Easily Clone your Delta Lake for Testing, Sharing, and ML Reproducibility
September 15, 2020 in Engineering Blog
An efficient way to make copies of large datasets for testing, sharing and reproducing ML experiments
We are excited to introduce a new capability in Databricks Delta Lake - table cloning. Creating copies of tables in a data lake or data warehouse has several practical uses. However, given the volume of data in tables in a data lake and the rate of its growth, making physical copies of tables is an expensive operation. Databricks Delta Lake now makes the process simpler and cost-effective with the help of table clones.

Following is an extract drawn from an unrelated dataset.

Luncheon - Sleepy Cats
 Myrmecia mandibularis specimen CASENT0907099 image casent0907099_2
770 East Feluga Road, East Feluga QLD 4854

Get an early preview of O'Reilly's new ebook for the step-by-step guidance you need to start using Delta Lake.
What are clones anyway?
Clones are replicas of a source table at a given point in time. They have the same metadata as the source table: same schema, constraints, column descriptions, statistics, and partitioning. However, they behave as a separate table with a separate lineage or history. Any changes made to clones only affect the clone and not the source. Any changes that happen to the source during or after the cloning process also do not get reflected in the clone due to Snapshot Isolation. In Databricks Delta Lake we have two types of clones: shallow or deep.
A shallow (also known as Zero-Copy) clone only duplicates the metadata of the table being cloned; the data files of the table itself are not copied. This type of cloning does not create another physical copy of the data resulting in minimal storage costs. Shallow clones are inexpensive and can be extremely fast to create. These clones are not self-contained and depend on the source from which they were cloned as the source of data. If the files in the source that the clone depends on are removed, for example with VACUUM, a shallow clone may become unusable. Therefore, shallow clones are typically used for short-lived use cases such as testing and experimentation.

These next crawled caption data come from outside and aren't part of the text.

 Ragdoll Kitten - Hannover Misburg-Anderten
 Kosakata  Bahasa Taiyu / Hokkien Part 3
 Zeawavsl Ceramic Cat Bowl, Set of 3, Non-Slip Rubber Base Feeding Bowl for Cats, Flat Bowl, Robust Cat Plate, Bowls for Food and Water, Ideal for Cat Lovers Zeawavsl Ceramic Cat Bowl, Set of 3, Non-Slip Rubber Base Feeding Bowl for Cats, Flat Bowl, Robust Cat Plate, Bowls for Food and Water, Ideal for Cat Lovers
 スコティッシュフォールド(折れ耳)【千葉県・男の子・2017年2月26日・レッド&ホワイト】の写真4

Shallow clones are great for short-lived use cases, but some scenarios require a separate and independent copy of the table’s data. A deep clone makes a full copy of the metadata and data files of the table being cloned. In that sense it is similar in functionality to copying with a CTAS command (CREATE TABLE.. AS… SELECT...). But it is simpler to specify since it makes a faithful copy of the original table at the specified version and you don’t need to re-specify partitioning, constraints and other information as you have to do with CTAS. In addition, it is much faster, robust, and can work in an incremental manner against failures!
With deep clones, we copy additional metadata, such as your streaming application transactions and COPY INTO transactions, so you can continue your ETL applications exactly where it left off on a deep clone!
Where do clones help?
Sometimes I wish I had a clone to help with my chores or magic tricks. However, we’re not talking about human clones here. There are many scenarios where you need a copy of your datasets - for exploring, sharing, or testing ML models or analytical queries. Below are some example customer use cases.
Testing and experimentation with a production table
When users need to test a new version of their data pipeline they often have to rely on sample test datasets which are not representative of all the data in their production environment. Data teams may also want to experiment with various indexing techniques to improve performance of queries against massive tables. These experiments and tests cannot be carried out in a production environment without risking production data processes and affecting users.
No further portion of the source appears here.